- [What this task involves] Output range, inclusive: from the line containing "Keen Newport H2" to the line containing "Thumbnail: 2024 BMW X7 - 11". Restate those lines from the data below word for word and only those.
START Listed records
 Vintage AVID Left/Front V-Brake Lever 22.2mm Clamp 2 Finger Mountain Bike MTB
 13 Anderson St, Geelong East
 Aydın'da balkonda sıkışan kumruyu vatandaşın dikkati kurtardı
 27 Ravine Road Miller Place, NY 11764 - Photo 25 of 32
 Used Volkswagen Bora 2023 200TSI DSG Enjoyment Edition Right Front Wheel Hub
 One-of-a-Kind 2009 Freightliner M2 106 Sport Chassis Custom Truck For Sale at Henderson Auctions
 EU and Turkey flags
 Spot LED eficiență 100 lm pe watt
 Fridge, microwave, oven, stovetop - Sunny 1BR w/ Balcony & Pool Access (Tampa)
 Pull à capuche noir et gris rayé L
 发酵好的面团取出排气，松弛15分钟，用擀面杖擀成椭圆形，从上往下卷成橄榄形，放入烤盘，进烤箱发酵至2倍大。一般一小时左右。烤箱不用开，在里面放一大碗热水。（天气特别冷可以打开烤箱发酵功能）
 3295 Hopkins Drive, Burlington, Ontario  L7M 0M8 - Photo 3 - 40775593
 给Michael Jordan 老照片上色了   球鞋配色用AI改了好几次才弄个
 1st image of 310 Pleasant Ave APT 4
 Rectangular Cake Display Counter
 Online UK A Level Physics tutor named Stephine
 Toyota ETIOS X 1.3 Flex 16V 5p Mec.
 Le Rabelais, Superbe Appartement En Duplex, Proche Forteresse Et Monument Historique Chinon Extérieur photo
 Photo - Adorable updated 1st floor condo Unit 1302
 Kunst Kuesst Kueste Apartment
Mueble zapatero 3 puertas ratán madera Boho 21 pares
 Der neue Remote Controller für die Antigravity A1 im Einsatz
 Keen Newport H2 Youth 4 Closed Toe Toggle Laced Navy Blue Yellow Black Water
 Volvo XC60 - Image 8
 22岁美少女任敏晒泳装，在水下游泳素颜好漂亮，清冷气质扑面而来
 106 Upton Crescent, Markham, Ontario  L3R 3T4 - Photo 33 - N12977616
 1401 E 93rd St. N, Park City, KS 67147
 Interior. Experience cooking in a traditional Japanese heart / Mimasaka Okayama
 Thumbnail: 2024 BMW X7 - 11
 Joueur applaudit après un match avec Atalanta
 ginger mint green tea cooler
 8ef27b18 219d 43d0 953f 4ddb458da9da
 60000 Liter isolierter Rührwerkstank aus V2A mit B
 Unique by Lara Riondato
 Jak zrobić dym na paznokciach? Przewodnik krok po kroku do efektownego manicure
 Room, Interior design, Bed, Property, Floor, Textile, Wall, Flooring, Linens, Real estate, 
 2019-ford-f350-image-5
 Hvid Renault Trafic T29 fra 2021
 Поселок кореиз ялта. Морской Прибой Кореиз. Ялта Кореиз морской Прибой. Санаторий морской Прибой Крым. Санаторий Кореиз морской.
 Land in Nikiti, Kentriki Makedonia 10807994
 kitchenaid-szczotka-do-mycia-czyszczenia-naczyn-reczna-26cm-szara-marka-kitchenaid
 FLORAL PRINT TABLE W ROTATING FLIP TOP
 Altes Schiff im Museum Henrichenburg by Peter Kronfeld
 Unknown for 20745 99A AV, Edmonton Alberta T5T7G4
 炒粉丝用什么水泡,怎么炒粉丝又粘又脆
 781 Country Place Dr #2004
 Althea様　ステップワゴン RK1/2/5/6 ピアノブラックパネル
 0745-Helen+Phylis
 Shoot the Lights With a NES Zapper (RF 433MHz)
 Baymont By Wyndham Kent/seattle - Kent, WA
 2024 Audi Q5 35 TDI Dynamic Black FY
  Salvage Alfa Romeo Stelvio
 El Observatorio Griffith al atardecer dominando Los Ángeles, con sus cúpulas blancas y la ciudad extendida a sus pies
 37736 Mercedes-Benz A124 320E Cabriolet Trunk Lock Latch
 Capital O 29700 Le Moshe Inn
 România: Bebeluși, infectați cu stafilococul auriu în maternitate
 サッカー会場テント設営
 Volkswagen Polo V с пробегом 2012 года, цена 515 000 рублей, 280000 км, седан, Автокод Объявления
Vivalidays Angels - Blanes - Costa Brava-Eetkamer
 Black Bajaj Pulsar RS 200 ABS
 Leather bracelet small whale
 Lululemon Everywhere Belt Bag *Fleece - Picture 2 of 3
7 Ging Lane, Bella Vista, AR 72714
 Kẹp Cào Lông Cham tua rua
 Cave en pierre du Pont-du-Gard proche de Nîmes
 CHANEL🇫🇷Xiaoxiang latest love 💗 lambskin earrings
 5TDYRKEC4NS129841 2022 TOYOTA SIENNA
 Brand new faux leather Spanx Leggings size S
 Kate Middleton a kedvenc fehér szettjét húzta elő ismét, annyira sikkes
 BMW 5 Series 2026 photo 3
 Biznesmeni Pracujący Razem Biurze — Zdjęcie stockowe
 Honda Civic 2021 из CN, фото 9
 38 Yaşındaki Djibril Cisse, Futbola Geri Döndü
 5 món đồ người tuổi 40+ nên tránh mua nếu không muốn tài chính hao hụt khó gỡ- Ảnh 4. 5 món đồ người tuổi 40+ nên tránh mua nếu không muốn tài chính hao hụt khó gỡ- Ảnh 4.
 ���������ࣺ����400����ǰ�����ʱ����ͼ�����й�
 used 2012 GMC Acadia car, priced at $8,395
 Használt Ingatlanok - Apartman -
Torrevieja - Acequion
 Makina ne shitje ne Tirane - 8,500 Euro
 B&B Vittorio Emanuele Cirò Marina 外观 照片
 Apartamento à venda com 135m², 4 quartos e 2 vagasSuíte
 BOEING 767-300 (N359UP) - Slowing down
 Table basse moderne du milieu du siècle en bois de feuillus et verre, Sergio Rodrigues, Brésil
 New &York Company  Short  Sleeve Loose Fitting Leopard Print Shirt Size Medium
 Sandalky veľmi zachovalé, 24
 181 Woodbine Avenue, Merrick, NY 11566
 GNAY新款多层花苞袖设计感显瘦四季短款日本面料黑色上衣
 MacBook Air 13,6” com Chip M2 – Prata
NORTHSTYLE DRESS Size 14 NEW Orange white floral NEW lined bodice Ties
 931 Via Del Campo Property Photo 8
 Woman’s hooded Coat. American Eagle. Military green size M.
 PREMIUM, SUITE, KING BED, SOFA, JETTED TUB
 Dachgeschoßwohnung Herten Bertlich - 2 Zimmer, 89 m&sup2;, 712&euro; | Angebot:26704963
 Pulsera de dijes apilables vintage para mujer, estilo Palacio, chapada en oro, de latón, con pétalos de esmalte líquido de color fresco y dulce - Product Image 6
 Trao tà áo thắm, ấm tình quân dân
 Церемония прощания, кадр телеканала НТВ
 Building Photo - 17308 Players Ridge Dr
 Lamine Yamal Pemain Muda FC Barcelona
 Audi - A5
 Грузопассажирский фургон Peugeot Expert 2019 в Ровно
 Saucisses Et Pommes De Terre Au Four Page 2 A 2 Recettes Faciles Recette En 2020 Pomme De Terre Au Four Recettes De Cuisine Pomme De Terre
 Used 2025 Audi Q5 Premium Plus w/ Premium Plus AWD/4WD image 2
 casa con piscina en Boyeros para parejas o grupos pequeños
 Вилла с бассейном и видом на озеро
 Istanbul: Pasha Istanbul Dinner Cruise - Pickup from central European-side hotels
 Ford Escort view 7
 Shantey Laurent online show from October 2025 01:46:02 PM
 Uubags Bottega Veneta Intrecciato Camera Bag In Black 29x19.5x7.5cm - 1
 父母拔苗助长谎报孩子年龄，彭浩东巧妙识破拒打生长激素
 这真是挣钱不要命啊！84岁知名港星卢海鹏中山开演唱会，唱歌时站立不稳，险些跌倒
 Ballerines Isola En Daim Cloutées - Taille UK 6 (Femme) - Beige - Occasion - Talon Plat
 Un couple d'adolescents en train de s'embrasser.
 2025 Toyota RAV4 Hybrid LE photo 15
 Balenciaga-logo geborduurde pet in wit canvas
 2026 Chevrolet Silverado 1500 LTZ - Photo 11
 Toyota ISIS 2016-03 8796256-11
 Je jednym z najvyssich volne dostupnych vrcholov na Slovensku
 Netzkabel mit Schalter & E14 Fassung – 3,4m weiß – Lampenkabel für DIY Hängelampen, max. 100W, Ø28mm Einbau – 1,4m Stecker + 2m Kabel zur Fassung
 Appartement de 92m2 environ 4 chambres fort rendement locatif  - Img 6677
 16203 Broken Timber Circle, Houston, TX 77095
END Listed records
- [Solution]
 Keen Newport H2 Youth 4 Closed Toe Toggle Laced Navy Blue Yellow Black Water
 Volvo XC60 - Image 8
 22岁美少女任敏晒泳装，在水下游泳素颜好漂亮，清冷气质扑面而来
 106 Upton Crescent, Markham, Ontario  L3R 3T4 - Photo 33 - N12977616
 1401 E 93rd St. N, Park City, KS 67147
 Interior. Experience cooking in a traditional Japanese heart / Mimasaka Okayama
 Thumbnail: 2024 BMW X7 - 11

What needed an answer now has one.